▸ **What the task asks**:
Write the records out again exactly, leaving no images in.

▸ **Data extracts**:
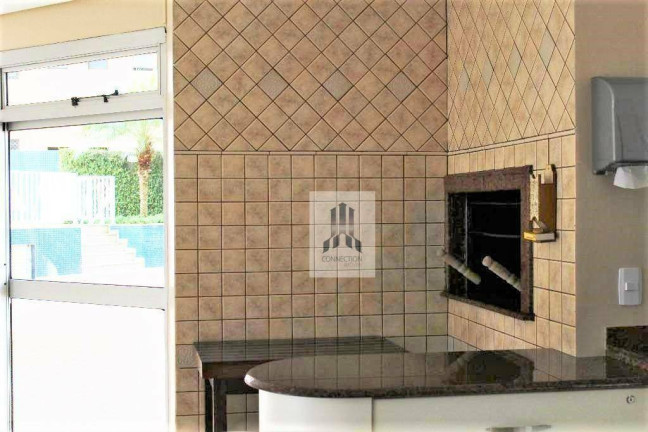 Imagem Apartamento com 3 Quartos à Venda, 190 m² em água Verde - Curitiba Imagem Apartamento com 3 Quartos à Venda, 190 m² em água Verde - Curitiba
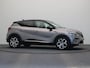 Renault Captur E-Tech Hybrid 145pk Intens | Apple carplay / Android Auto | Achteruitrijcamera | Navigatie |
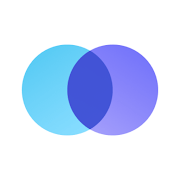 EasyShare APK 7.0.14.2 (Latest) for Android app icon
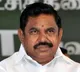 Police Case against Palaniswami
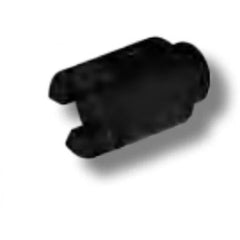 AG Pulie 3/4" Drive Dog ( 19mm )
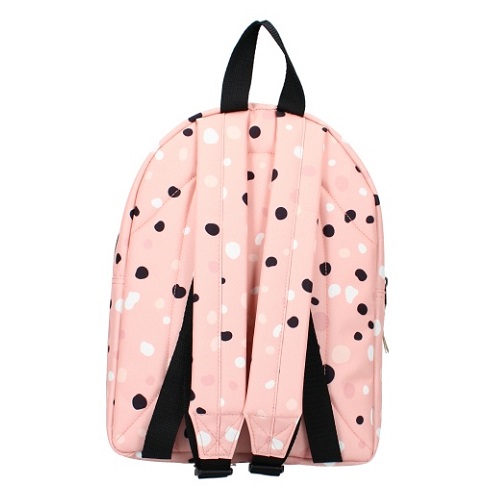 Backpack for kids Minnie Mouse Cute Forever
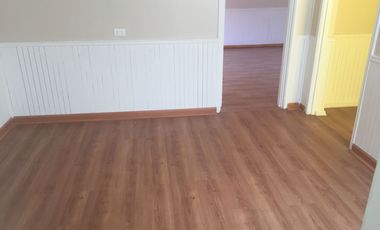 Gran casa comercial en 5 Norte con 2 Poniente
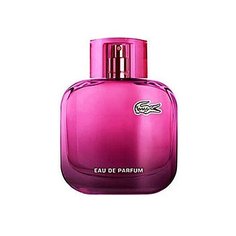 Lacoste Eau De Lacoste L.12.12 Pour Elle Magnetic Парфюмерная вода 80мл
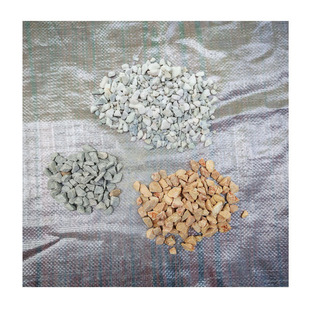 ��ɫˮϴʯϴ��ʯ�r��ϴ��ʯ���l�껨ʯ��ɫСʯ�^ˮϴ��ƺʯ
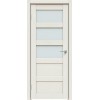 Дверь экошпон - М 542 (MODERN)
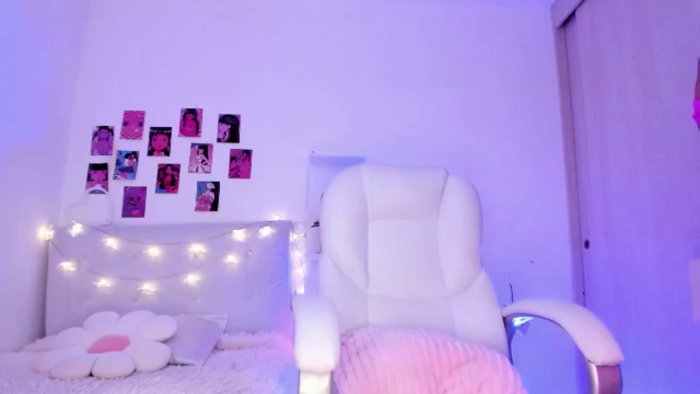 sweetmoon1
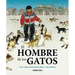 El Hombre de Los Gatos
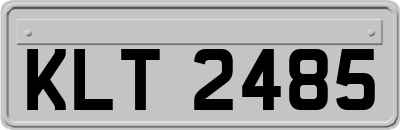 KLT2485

▸ **Output for this exercise**:
 Imagem Apartamento com 3 Quartos à Venda, 190 m² em água Verde - Curitiba Imagem Apartamento com 3 Quartos à Venda, 190 m² em água Verde - Curitiba
 Renault Captur E-Tech Hybrid 145pk Intens | Apple carplay / Android Auto | Achteruitrijcamera | Navigatie |
 EasyShare APK 7.0.14.2 (Latest) for Android app icon
 Police Case against Palaniswami
 AG Pulie 3/4" Drive Dog ( 19mm )
 Backpack for kids Minnie Mouse Cute Forever
 Gran casa comercial en 5 Norte con 2 Poniente
 Lacoste Eau De Lacoste L.12.12 Pour Elle Magnetic Парфюмерная вода 80мл
 ��ɫˮϴʯϴ��ʯ�r��ϴ��ʯ���l�껨ʯ��ɫСʯ�^ˮϴ��ƺʯ
 Дверь экошпон - М 542 (MODERN)
 sweetmoon1
 El Hombre de Los Gatos
 KLT2485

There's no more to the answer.